To: K-list
Recieved: 2003/02/05 06:31
Subject: Re: [k-list] Sleep Paralysis
From: Mystress Angelique Serpent
On 2003/02/05 06:31, Mystress Angelique Serpent posted thus to the K-list:
>> The big difference is one of consensuality... and that is a very big difference indeed, like the difference between sex and rape.
At 03:55 PM 04/02/03, felix wrote:
>Yes, this makes a lot of sense. There would obviously exist
>a huge difference between consenting to an experience, and
>being subjected to one forced by biochemical instinct
>patterns. As far as a safeword is concerned, could I assume
>this is an agreed upon solution between dom and a sub? Maybe
>I was thinking more of a sadist and masochist situation.

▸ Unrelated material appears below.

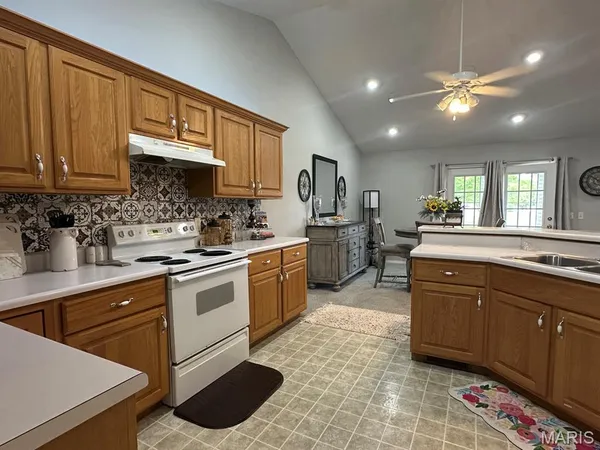 $294,900 | 1110 State Hwy AD, Unit A & B, Dexter, MO 63841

Still uses safewords... except for the very rare players who are at a level of trust to choose not to use them, and even so the play is still negotiated, consensual. If it is not consensual, it is assault.
> Your brief description of fetishists appear more consensual than
>de Sade wrote about.
Yeah, I kind of wondered what kind of experience you were talking about, that did not include knowledge of safewords. De Sade was writing about *fantasies*... doing what he wrote about non consensually would land you in jail... where he spent much of his life.
>Originally, my thinking/wondering seemed to concern itself
>more with the notion that the emotional response associated
>with sleep paralysis might condition someone to seek bondage
>according to whether that emotional response was experienced
>in a positive or negative way, and whether seeking to
>reproduce that emotional response in a controlled
>environment was based on their sleep paralysis experiences.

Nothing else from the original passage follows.